When you see the value of synchronizing passwords through those connected systems, making the life of end users easier, tehcnical and Helpdesk staff easier, it becomes more and more compelling to add more systems to the mix.

Novell eDirectory we already know from its decades of use all around the world by hundreds of millions of users is clearly scalable and very performant. The example that always comes to mind is CNN that runs eDirectory on Solaris and uses it to support their main web site, storing cookie like artifacts about visiting users, and they get millions if not billions of hits a day. (I heard a somewhat description of how it works, but do not think I can fairly reproduce it, so I will leave it at that).

Personally I used to work at a University with a 50,000 user object eDirectory tree, with thousands of machines connected to it all day, with close to half a million logins every month. Some governments use eDirectory to represent either employees or citizens, which get into very very large deployments of eDirectory, with millions and millions of objects.

Novell Identity Manager is based on eDirectory (in fact it runs as an application in eDirectory's memory space) and gains much of that scalability and performance just from being based on eDirectory. Where we run into trouble is when our Identity Manager systems start getting large enough, that so many events are happening that some events are falling behind and getting stuck in the queue.

There are all sorts of tricks you can use to boost performance. Of course you can always throw more hardware at it. eDirectory and thus Identity Manager can take advantage of multiple processors on modern hardware on many platforms. (Alas, as much as it pains me, not so much so on Netware, where it is not as multi processor aware as I would like). Memory is a limit at times, since eDirectory, in its current releases is a 32 bit application, it can only use a maximum of 2 Giga bytes of memory. With the coming release of eDirectory 8.8.3 and going forward, we will see 64 bit eDirectory support, when running on 64 bit operating systems and 64 bit hardware (alas also not on Netware. I really like Netware as an operating system and I am very saddened to see its decline). Until then, we are limited, but in fact, I do not usually find the 2 giga byte limit all that limiting. I was shocked when I discovered that a test lab environment I was using had the default JVM size set. The default is 64 Megs and I did not run into that as an issue until I tried a query that returned a nodeset that was 115 mega bytes in size, and finally ran out of memory.

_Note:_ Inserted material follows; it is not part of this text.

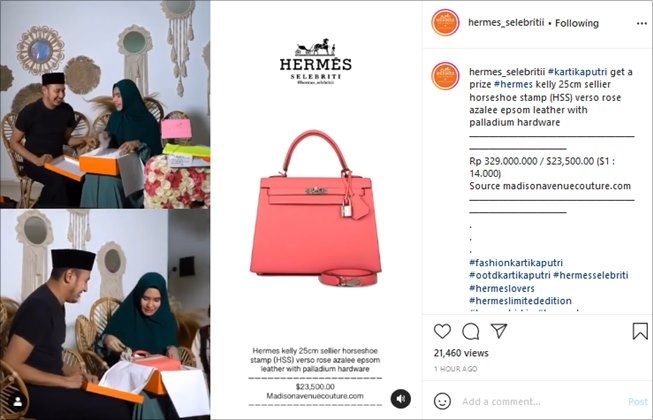 Kartika Putri dapat hadiah tas Hermes dari sang suami. (Instagram/@hermes_selebritii)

Disk performance can help a lot, since eDirectory's major bottle neck has to do with writes to the directory. eDirectory can handle huge numbers of simultaneous read requests and does so very well. However, it is still limited to a single thread for write events. So if you are making large numbers of updates to the directory you can run into a bottleneck as the writes stack up.

Putting the DIB set (the Directory Information Base, a naming convention that comes from the X.500 days. No body except probably IBM ever really developed a fully X.500 complaint directory. In fact, LDAP is the Lightweight Directory Access Protocol, where the L for Lightweight is meant to distinguish it from the very heavy DAP that X.500 specifies) on the fastest disk you have access to can help performance as well. Modern SAN storage devices, with modern RAID controller chips and with many spindles spinning at fifteen thousand RPM like the fastest fibre channel or SAS disks can, is very much faster at writes then any other device you may have encountered.

One of the most powerful features of eDirectory is its ability to replicate the directory to multiple servers. Technically eDirectory is a single master directory, but the funny thing about that, is that you can run without a master replica for long periods of time and never know it. We had a problem with a server once at the University I used to work at that caused us to loose a master replica for a partition, and we ran for many months without noticing, since unless we were going to do partitioning or schema changes (which are very rare) we really did not need it. Admittedly obituaries piled up, but they cleared quickly once we fixed the issue.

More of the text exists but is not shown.